Entity text: Poland    , entity label: GPE
Entity text: Warszawa  , entity label: GPE
Entity text: Warszawa  , entity label: GPE
Entity text: World War 2, entity label: EVENT


## Complex Rules and Variance to the EntityRuler

Labels in NER can have specific variations that follow distinct patterns. One such example is phone number, which can have different formats. In the United States, the standard format is (xxx)-xxx-xxxx, but variations like xxx-xxx-xxxx or xxxxxxxxxx are also common. If a US phone number is provided to someone outside the US, it may be represented as +1(xxx)-xxx-xxxx.

When working within a United Stated domain, we can utilize **regular expressions** (RegEx) with the pattern matcher in spaCy to capture these different instances.

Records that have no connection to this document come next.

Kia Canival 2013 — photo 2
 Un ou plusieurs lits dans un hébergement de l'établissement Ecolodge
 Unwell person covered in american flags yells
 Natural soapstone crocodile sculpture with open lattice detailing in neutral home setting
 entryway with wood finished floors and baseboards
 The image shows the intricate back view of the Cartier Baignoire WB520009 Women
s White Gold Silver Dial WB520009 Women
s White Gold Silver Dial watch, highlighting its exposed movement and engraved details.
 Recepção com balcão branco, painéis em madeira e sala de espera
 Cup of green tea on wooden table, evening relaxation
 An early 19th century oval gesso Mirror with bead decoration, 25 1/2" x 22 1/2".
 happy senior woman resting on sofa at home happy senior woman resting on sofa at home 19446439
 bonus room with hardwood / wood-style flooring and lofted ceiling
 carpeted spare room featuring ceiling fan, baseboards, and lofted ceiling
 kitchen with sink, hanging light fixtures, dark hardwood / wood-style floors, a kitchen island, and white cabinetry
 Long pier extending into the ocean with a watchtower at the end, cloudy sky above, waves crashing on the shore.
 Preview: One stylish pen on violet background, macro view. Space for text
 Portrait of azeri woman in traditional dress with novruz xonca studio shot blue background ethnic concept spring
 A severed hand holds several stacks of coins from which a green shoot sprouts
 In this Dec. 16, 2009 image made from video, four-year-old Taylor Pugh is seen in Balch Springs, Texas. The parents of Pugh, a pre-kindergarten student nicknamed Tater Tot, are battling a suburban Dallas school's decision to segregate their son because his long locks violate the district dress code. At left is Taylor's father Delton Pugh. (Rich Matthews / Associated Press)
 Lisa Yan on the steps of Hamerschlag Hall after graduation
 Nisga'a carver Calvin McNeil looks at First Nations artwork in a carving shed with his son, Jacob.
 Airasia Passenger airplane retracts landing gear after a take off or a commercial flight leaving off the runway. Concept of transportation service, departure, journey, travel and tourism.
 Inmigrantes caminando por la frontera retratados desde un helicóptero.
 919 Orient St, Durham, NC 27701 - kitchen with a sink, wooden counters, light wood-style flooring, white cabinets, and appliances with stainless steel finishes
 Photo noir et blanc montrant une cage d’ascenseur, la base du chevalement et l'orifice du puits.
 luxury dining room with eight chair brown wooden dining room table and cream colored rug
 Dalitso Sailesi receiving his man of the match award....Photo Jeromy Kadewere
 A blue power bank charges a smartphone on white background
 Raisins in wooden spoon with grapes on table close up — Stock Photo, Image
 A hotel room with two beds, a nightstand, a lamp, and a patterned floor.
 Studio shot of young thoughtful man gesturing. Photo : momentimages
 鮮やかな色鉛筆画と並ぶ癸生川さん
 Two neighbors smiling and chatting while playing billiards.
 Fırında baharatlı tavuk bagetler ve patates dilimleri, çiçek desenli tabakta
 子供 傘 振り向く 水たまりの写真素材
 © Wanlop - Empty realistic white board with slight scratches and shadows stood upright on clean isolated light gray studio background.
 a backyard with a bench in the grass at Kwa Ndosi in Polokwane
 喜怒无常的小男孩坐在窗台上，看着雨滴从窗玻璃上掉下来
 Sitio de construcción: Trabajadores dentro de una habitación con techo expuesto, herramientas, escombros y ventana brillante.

The spaCy EntityRuler allows the user to incorporate complex rules and variations, including RegEx patterns, by specifying them in the patterns argument. There are multiple arguments that can be passed to the patterns.

In [14]:
import spacy

text = "This is a sample number (555) 555-5555."

# Build upon the spacy sm
nlp = spacy.blank("en")

# Create the Ruler and Add it
ruler = nlp.add_pipe("entity_ruler")

# List of Entities and Pattenrs (source: https://spacy.io/usage/rule-based-matching)
patterns = [
    {"label": "PHONE_NUMBER", "pattern": [{"ORTH": "("}, {"SHAPE": "ddd"}, {"ORTH": ")"}, {"SHAPE": "ddd"},
     {"ORTH": "-"}, {"SHAPE": "dddd"}]}
]
# Add patterns to ruler
ruler.add_patterns(patterns)

# Doc object
doc = nlp(text)

# extract entities
for ent in doc.ents:
    print(f"Entity text: {ent.text:<10}, entity label: {ent.label_}")

Entity text: (555) 555-5555, entity label: PHONE_NUMBER